PROVIDED DATA>
======

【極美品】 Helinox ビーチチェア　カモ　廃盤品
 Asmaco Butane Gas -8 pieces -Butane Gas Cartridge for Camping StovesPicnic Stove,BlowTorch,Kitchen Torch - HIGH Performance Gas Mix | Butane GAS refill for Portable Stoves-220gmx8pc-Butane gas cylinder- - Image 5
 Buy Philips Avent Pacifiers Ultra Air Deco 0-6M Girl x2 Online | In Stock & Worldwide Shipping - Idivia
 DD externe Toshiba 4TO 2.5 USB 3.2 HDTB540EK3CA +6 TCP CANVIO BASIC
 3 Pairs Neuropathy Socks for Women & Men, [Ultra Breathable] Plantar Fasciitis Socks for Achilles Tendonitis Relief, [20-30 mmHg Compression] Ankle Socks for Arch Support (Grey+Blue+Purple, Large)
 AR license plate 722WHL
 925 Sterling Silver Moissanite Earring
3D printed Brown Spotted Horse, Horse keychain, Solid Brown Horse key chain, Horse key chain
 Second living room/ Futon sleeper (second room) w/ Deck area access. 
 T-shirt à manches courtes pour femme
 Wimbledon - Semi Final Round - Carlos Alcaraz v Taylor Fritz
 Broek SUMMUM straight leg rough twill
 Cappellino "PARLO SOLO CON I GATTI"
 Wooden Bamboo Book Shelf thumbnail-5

======

WHAT YOU ARE ASKED TO DO>
Up to and including the line that contains "DD externe Toshiba", restate each line of the material above word for word, beginning with its first line.

SOLUTION TO THE EXERCISE>
【極美品】 Helinox ビーチチェア　カモ　廃盤品
 Asmaco Butane Gas -8 pieces -Butane Gas Cartridge for Camping StovesPicnic Stove,BlowTorch,Kitchen Torch - HIGH Performance Gas Mix | Butane GAS refill for Portable Stoves-220gmx8pc-Butane gas cylinder- - Image 5
 Buy Philips Avent Pacifiers Ultra Air Deco 0-6M Girl x2 Online | In Stock & Worldwide Shipping - Idivia
 DD externe Toshiba 4TO 2.5 USB 3.2 HDTB540EK3CA +6 TCP CANVIO BASIC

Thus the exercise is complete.